Nancy Hogshead-Makar, a three-time Olympic gold medalist at the 1984 Los Angeles Games, says while safe sex is certainly important, the idea of understanding consensual touching is a whole other matter that must be addressed.

"It's important to know how far is too far," she said. "Not everyone realizes when they're crossing a line."

She added that athletics institutions have a ways to go to ensure athletes are being protected, and said the uncovering of decades of sexual abuse by gymnastics doctor Larry Nassar shows the need to speak up immediately.

"We can't allow for silence," said Hogshead-Makar, a rape survivor who started the advocacy group Champion Women to support women and girls in sport.

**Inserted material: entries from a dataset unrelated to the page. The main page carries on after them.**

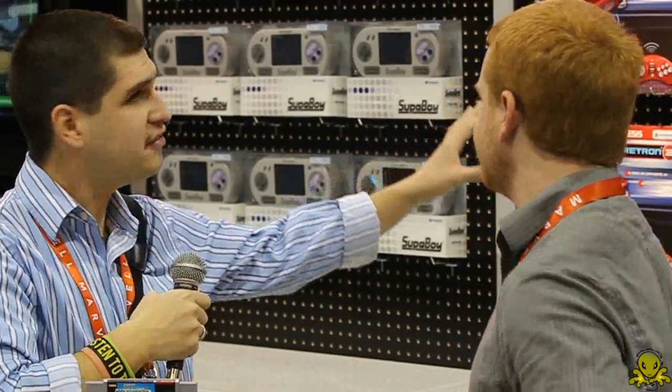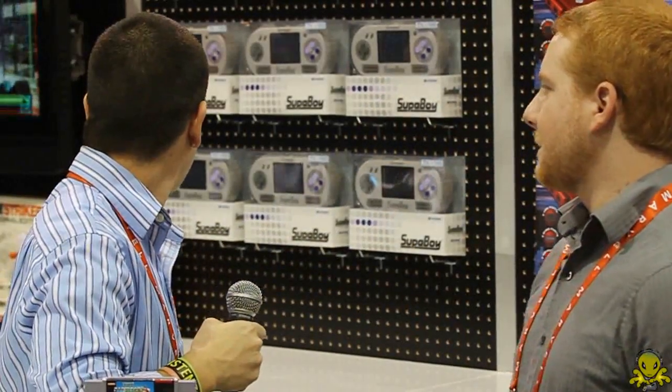It comes with a wall charger and AC adapter and it also has a lithium-ion battery. So that's the Superboy. Now you also have the Retron 3 and the AK Striker. The Retron 3 is actually one of our flagship products — one we've had out for quite some time. It's really helped us pave the way for where we want to go, and it's been the successor that led toward the Superboy.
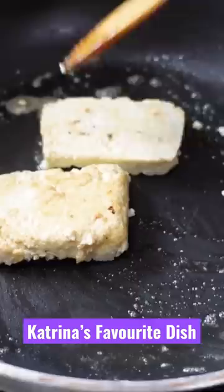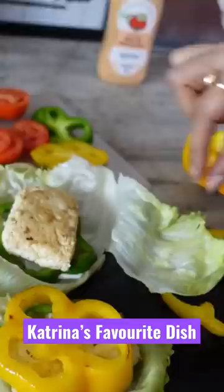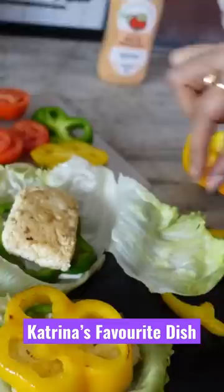Then I took lettuce and picked two big leaves. I put mayonnaise on it. I was a little confused about how to layer it, but first I put shimla mirch as the base, then I put pepper on it, then bell pepper on top.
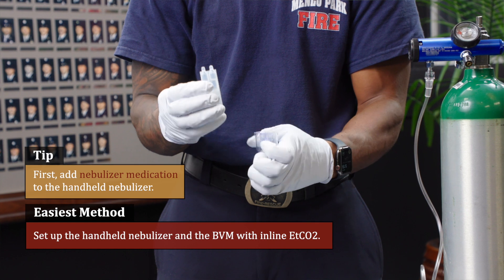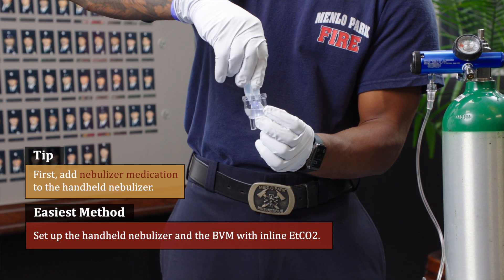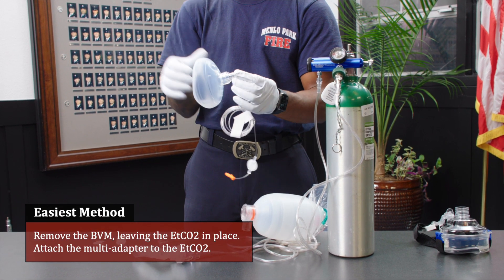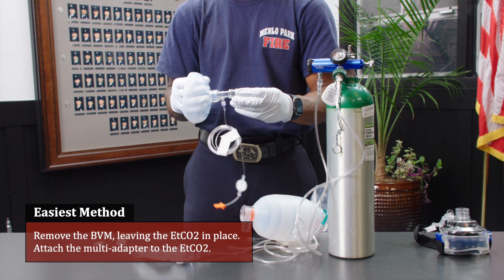The easiest method is to set up the handheld nebulizer and the BVM with inline end tidal CO2. Next, remove the BVM leaving the end tidal CO2 in place. Attach the multi adapter to the end tidal CO2.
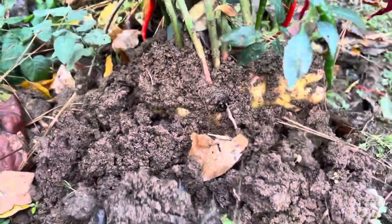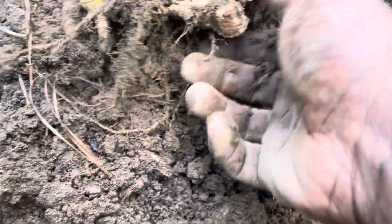Let's go right down to the root and see everything about this ginger. We harvested a nice root of ginger right here. This piece is the old piece, so I'm going to break it and tuck it back in the hole.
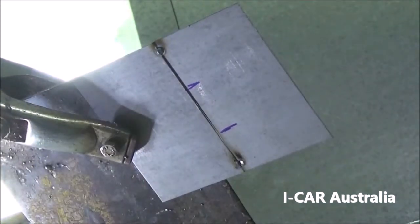The weld is completed by finger pulsing. Overlap the finger pulses by 25 to 40%.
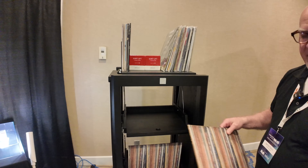A fun fact: the center fabric is actually from a Fender Reverb amp. This was a special prototype for the show. The idea is that these would be sold individually, but they could also be an upgrade for the rack itself — we're looking at something that will integrate.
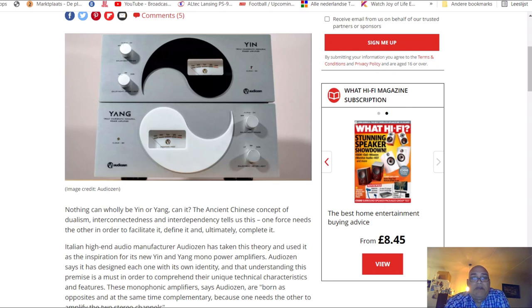What you see in this picture is the yin and yang sign. When you see this, the first thing you'd say is 'oh, this is the latest Chinese amplifier' - but that's not true. This is made by Italian high-end audio manufacturer Audio Dozen. I never heard something from Audio Dozen before, but it is an Italian high-end audio manufacturer.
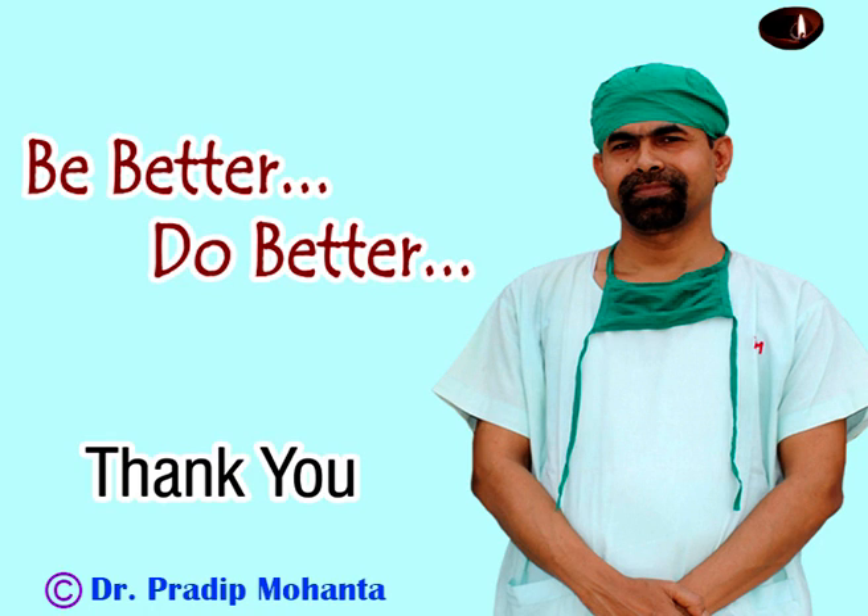Thank you very much for watching. Hope this video will help you in developing your surgical skills. Hope it will inspire you to be a great surgeon.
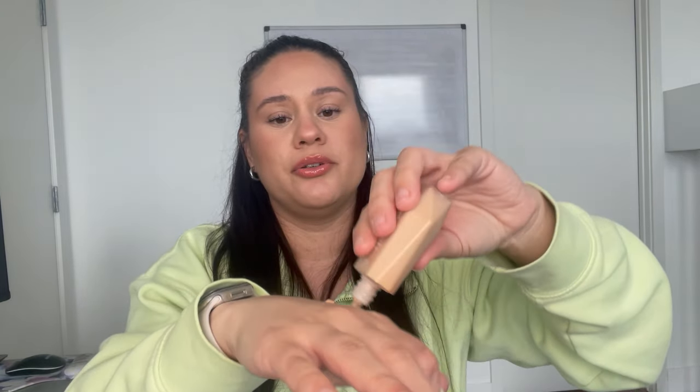I got it in shade 9. It says it's light to medium coverage. It's a little squeezy tube — very small. You know how I feel about shrinkflation in makeup, not my favorite. Here's the thing though: I think I may have gotten too deep of a shade. Here on my hand it looks fine, but I actually think for my face it might be too warm. I might exchange it and get maybe the 8 or even the 7 — I think that will probably be a better match for me.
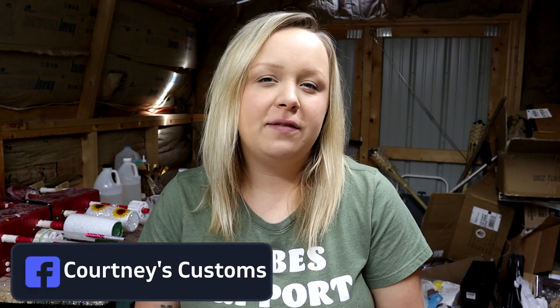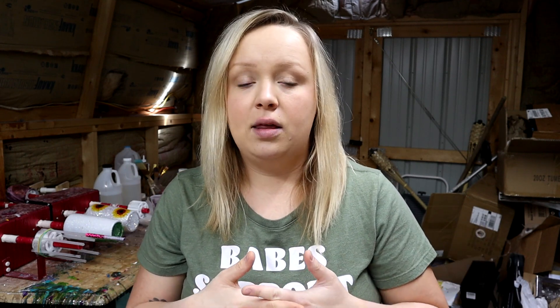Hey guys, Courtney here with Courtney's Customs. Today I really just wanted to make a video for anybody who has just started making tumblers, or if you're thinking about making tumblers and you just don't really know how to start or what all to get. So I'm making a video about the list of items that you're going to need — some are absolutely necessary and others are for more advanced looks. I'm going to give you every single item that I have here in my shed that I use to create my tumblers.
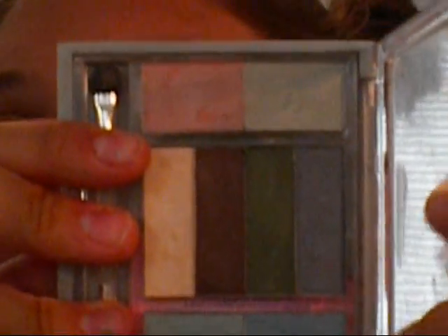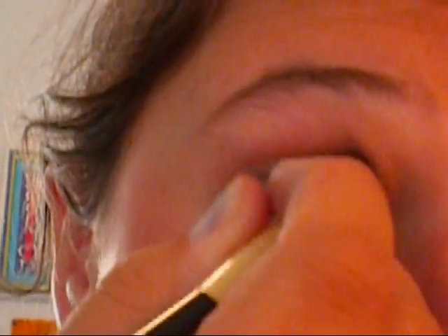Next we'll be taking a dark brown from the Wet n Wild Fantasy Island palette. Using a domed pointed brush so we can get into the crease really well, working the product onto just the tip of the brush and blending it into our crease to give it more depth. Then we're going to blend these two colors together, blending out and up.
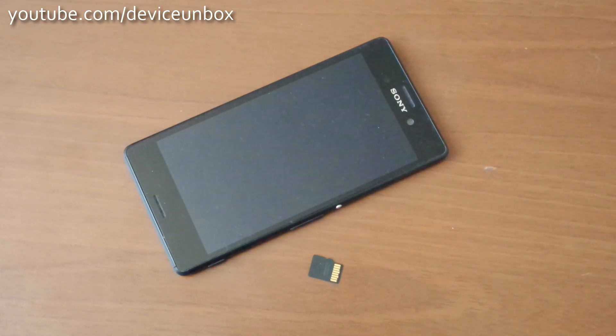Hi guys! Today I will show you how to insert your micro SD card into the Sony M4 Aqua.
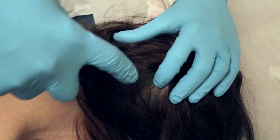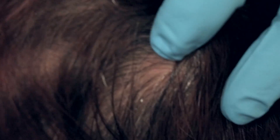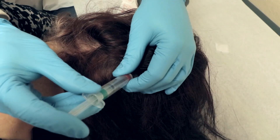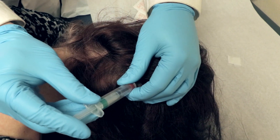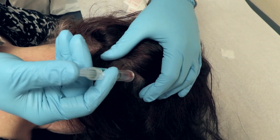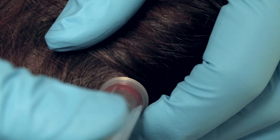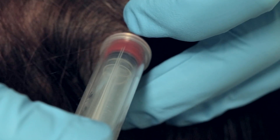We'll spray a little ethyl chloride to make it cold, then give the shot aiming upward toward the spot — drawing back to make sure we're not in a blood vessel, then going ahead and administering. I'm putting in 2 cc's of lidocaine with epinephrine plus 0.2 cc's of sodium bicarbonate, and fanning it a little by pulling out and redirecting. This is the greater occipital nerve on the right. I'll massage it in.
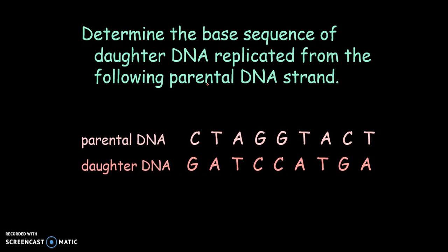Here's a problem: determine the base sequence of the daughter DNA replicated from a given parental strand. Here's the DNA strand, and this is what will be replicated to make a complete DNA molecule.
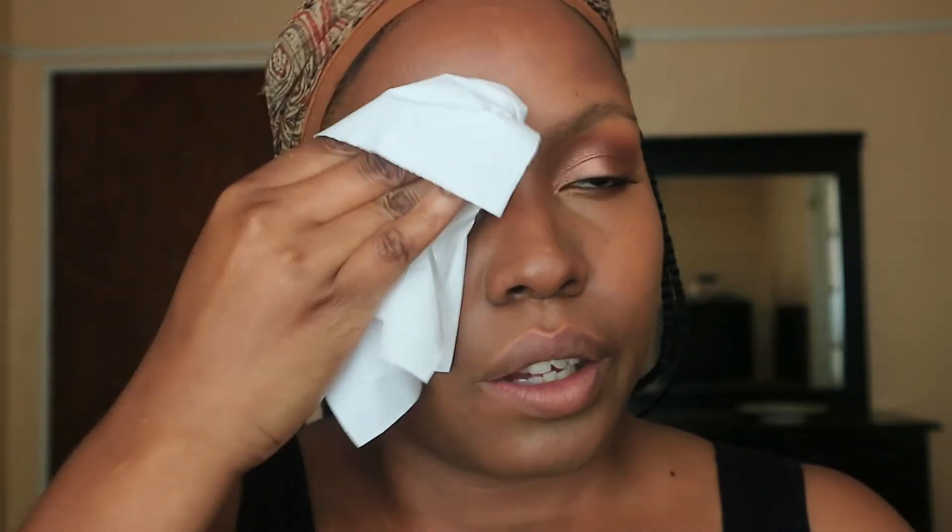Now I'm just going to take some tissue and blot off any excess oil from the products I just used. You can always do this before you powder your skin so that you're not powdering on top of oil. I'm going in again to make sure everything is blended, blending under my eyes so there are no creases. This is how you naturally create dimension on your face — you do not have to use a ton of highlighter or contour. You can create dimension that looks very natural and skin-like still.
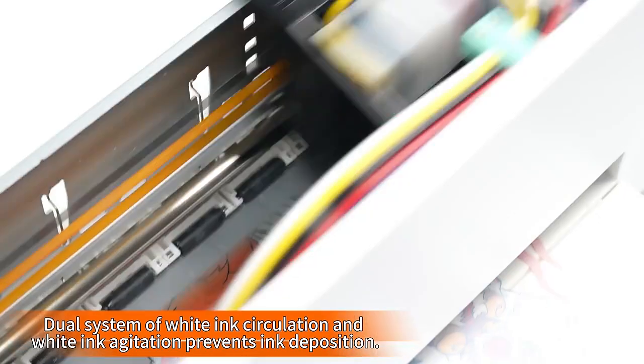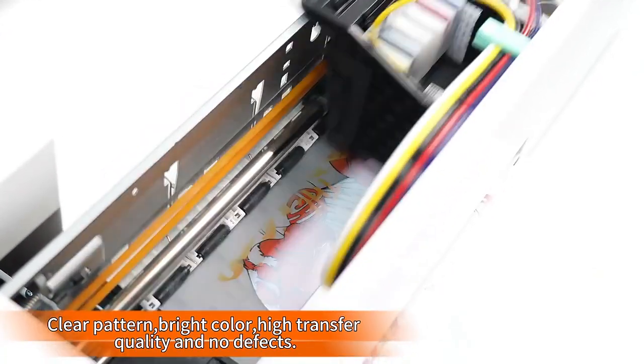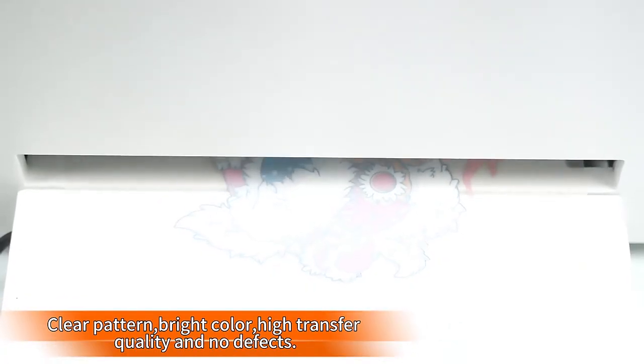Print more while using less ink, as only 1.5ml is needed for an A4 size image with low ink consumption.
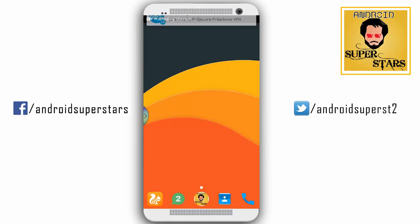Hi friends, I am Tipu from Dubai. You guys are Android Superstars. Now we are going to talk about battery charging.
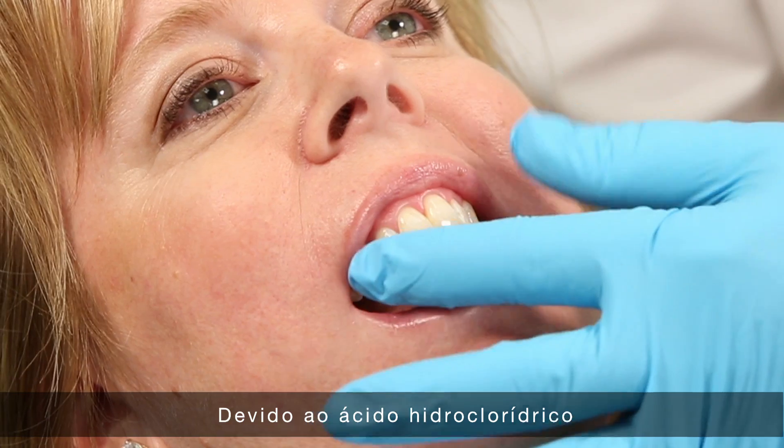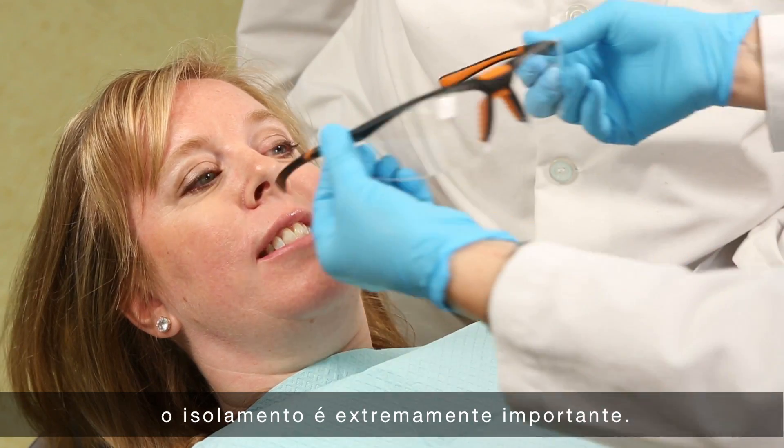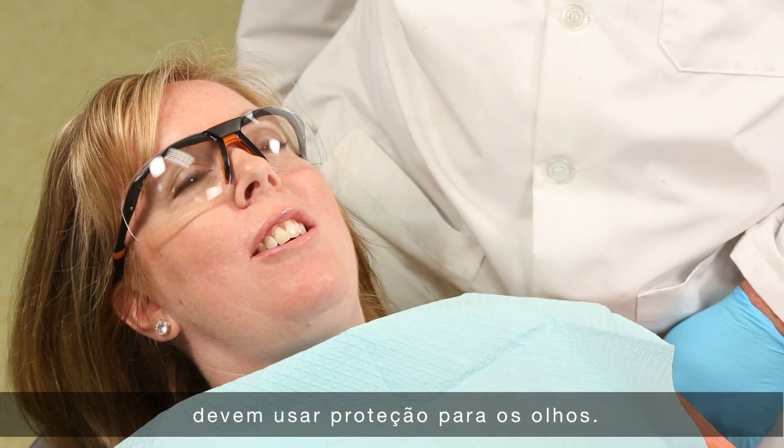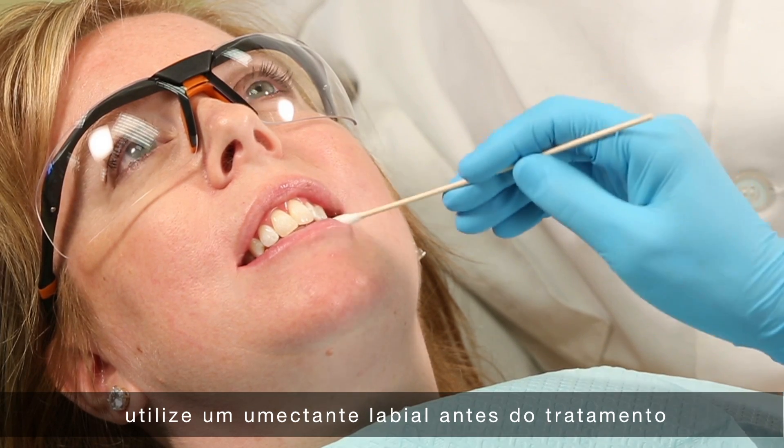Because of the hydrochloric acid contained in Opal Luster, isolation is extremely important. Both you and your patient should wear protective eyewear. For additional patient comfort, apply a lip emollient prior to treatment.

There's been a reckoning in recent months for women to speak up about sexual misconduct. In South Korea, that has also occurred with a similar #metoo movement known as "you are not alone," Jeon said, although it has yet to fully transform the culture.

In one instance, a public prosecutor named Seo Ji-hyeon, who accused a former senior justice ministry official of groping her at a funeral, managed to capture the nation's attention last month.

But the power of the Olympics can shine a light on preventing sexual misconduct, said Kwon Eun Jin, the head of women's welfare in the Gangwon-do Provincial Office.

"The ultimate goal is to make a safe Olympics, without any sexual assault cases," Kwon said.

She's hoping the IOC and media can help spread the word about the centers, although athletes and volunteers who spoke with NBC News at the athletes' village on Sunday said they did not realize the resource existed.

Rebecca Stenberg, an ice hockey player at her first Olympics, said her home country of Sweden has seen a similar #metoo push, and knowing that such a center is available is comforting.

Having them "recognizes that there has been a problem — and that's a good thing," she said.